Model Penal Code § 211.1(2). Kentucky Statute § 508.020(1) establishes that a person may be guilty of second-degree assault when:

(a) He intentionally causes serious physical injury to another person; or (b) He intentionally causes physical injury to another person by means of a deadly weapon or a dangerous instrument; or (c) He wantonly causes serious physical injury to another person by means of a deadly weapon or a dangerous instrument.

Ky. Rev. Stat. § 508.020(1). Comparing these, Alvarado–Martinez argues that Kentucky’s second- degree assault offense does not categorically match generic “aggravated assault” because Kentucky’s statute leaves open the possibility that someone may be guilty of second-degree assault for “wantonly” injuring another. This, he asserts, establishes that someone may be convicted under the Kentucky statute on the basis of a less culpable mental state than generic “aggravated assault” requires. Alvarado–Martinez identifies no Fifth Circuit case law that supports his interpretation.

Instead, Alvarado–Martinez cites Fourth and Ninth Circuit opinions to support his argument. Relying on United States v. Barcenas–Yanez , 826 F.3d 752 (4th Cir. 2016) and United States v. Garcia–Jimenez , 807 F.3d 1079 (9th Cir. 2015), he asserts that a “wanton” mental state is synonymous with a “reckless” mental state and that generic “aggravated assault” requires a more culpable mental state than “recklessness.” By proscribing a “reckless” assault, Kentucky’s statute is overbroad. Thus, according to him, a 16-level sentence enhancement is improper because Kentucky’s statute does not match the generic “aggravated assault” offense.

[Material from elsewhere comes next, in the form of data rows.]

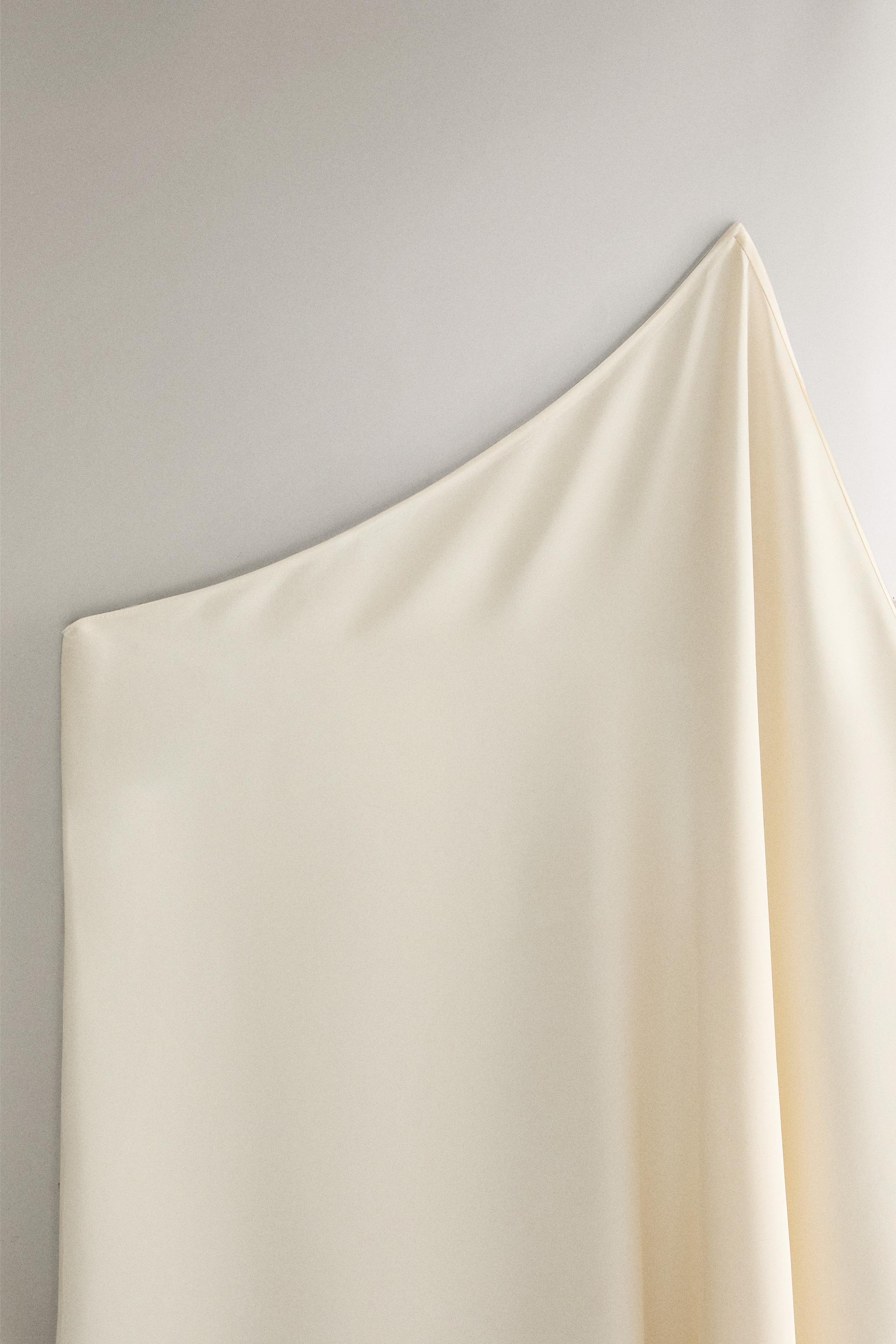 SATEEN ASYMMETRIC CAPE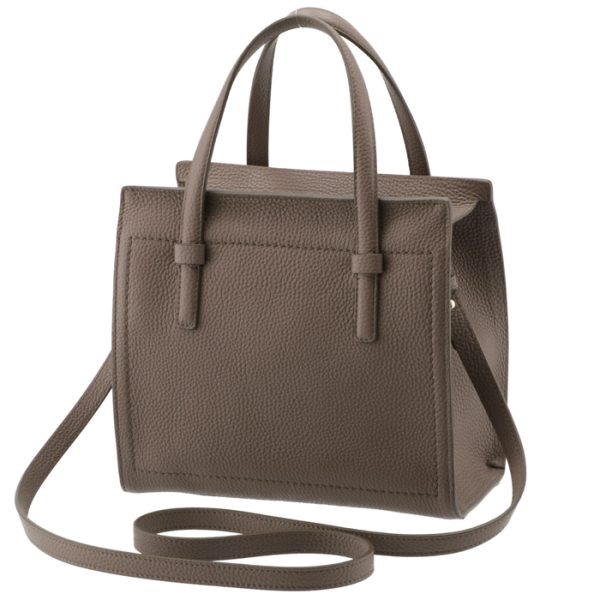 21f47800010482 2 Ferragamo Amy Tote Bag Gray Beige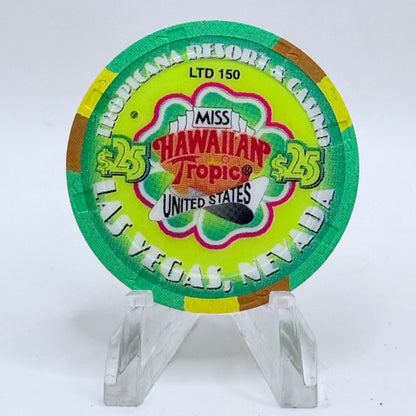 Tropicana Las Vegas Nevada 1999 'Miss Hawaiian' Series 13 LE $25 Casino Chip V5911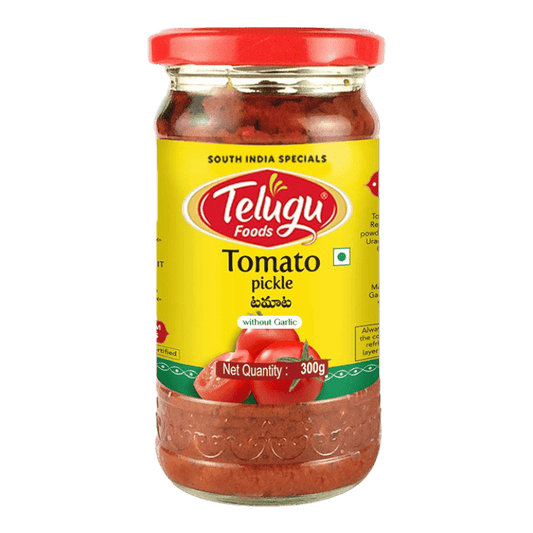 Telugu Tomato Pickle With Garlic 300g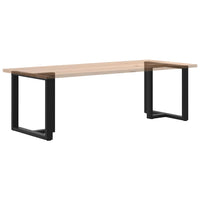 Valgomojo stalo kojelės, 2 vnt., juodos, 80x35x(72 - 73) cm, plienas - Namų Idėja
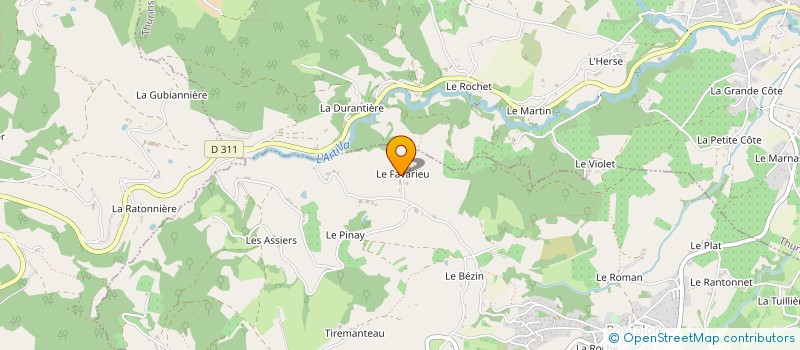 localisation de l'entreprise MADAME FRANCOISE VIOLET à THURINS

The Government contends that including the mental state of “recklessness” in a criminal assault statute does not disqualify that statute from matching the generic “aggravated assault” offense. According to the Government, our case law supports the proposition that including the mental state of “recklessness” in an aggravated assault statute cannot render the statute overbroad. See United States v. Mungia–Portillo , 484 F.3d 813, 817 (5th Cir. 2007) (“We infer from this that a defendant’s mental state in committing an aggravated assault, whether exhibiting ‘depraved heart’ recklessness or ‘mere’ recklessness, is not dispositive of whether the aggravated assault falls within or outside the plain, ordinary meaning of the enumerated offense of aggravated assault.”); see also United States v. Villasenor–Ortiz , 675 F. App’x 424, 428 (5th Cir. 2017), cert. denied , No. 16-9422, 2017 WL 2405929 (U.S. Oct. 2, 2017) (rejecting the reasoning of the Fourth and Ninth Circuits and reaffirming that an aggravated assault statute requiring a mental state of recklessness can match the generic aggravated assault offense). The Government emphasizes that instead of focusing on the mental state required, our precedent looks at whether the “aggravated assault statute includes the two most common aggravating factors, the causation of serious bodily injury and the use of a deadly weapon” to determine if the statute matches the generic “aggravated assault” offense. Mungia–Portillo , 484 F.3d at 817.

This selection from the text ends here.